Data segment ▸
Start of Block

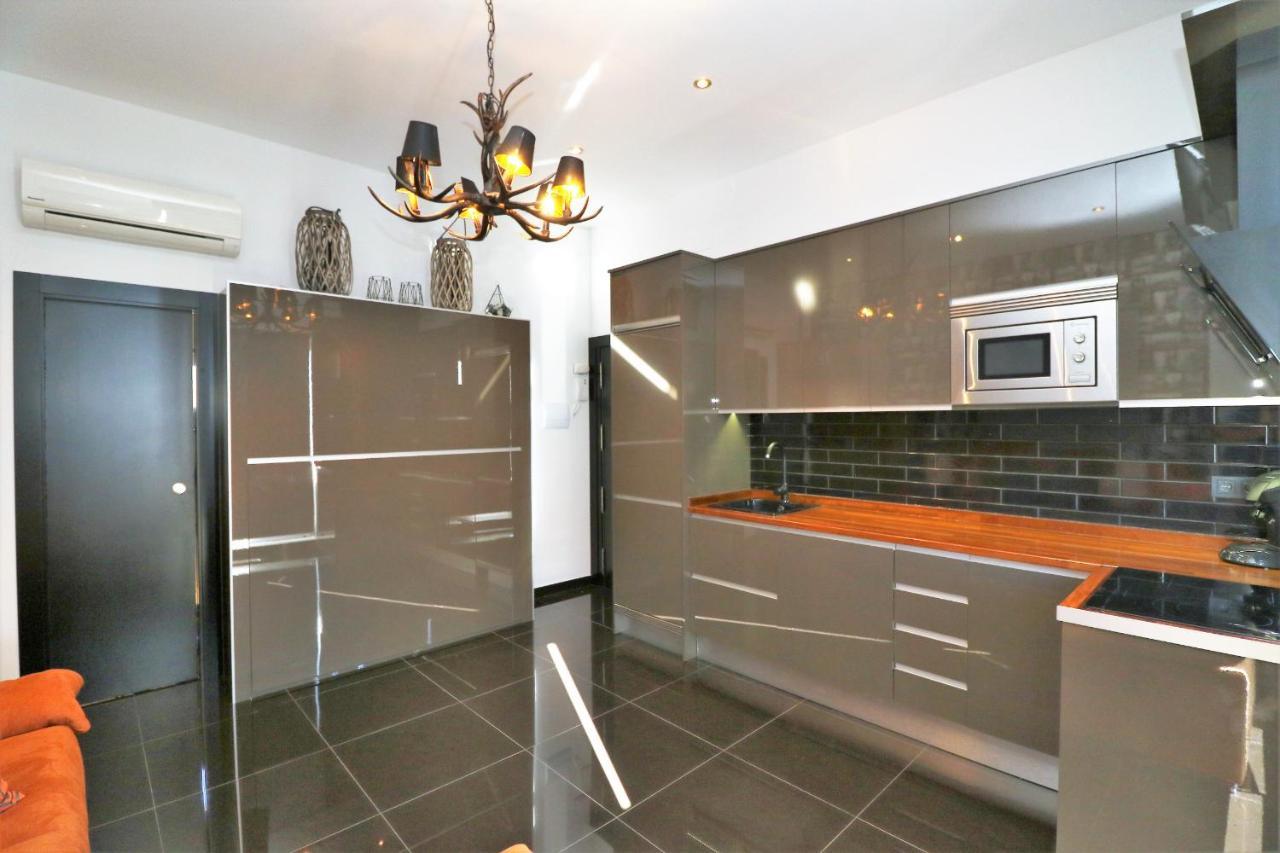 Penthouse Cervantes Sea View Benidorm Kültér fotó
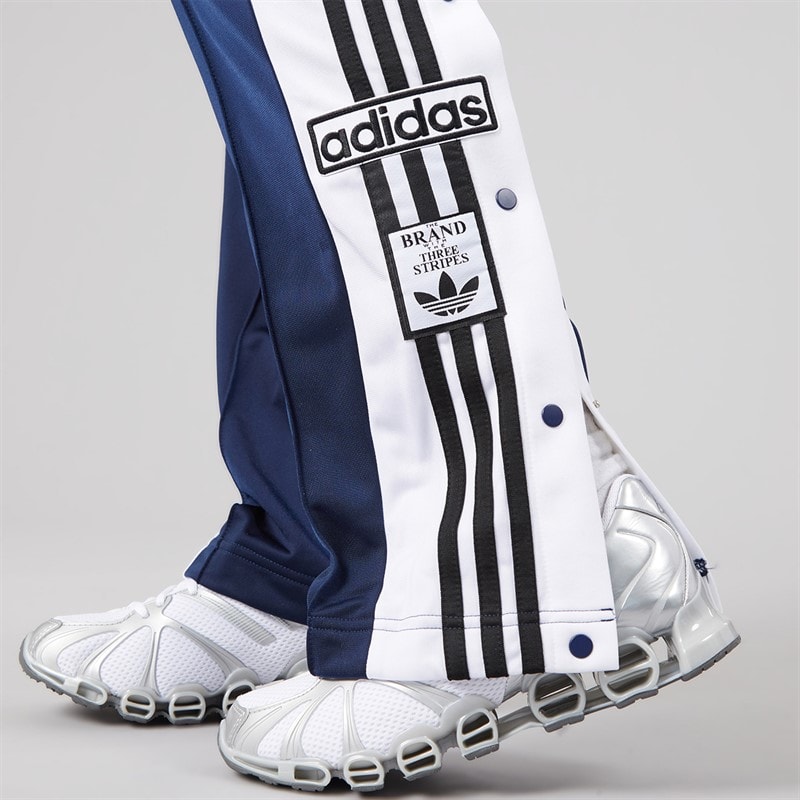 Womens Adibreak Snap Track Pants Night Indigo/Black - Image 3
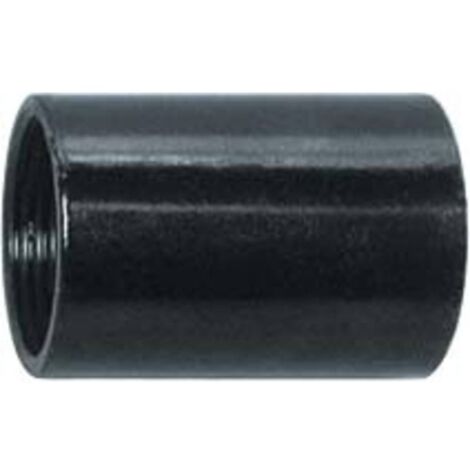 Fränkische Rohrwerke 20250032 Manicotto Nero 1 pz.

End of Block

Exercise directions ▸
Word for word, print the material above, but without its pictures.

Exercise answer ▸
 Penthouse Cervantes Sea View Benidorm Kültér fotó
 Womens Adibreak Snap Track Pants Night Indigo/Black - Image 3
 Fränkische Rohrwerke 20250032 Manicotto Nero 1 pz.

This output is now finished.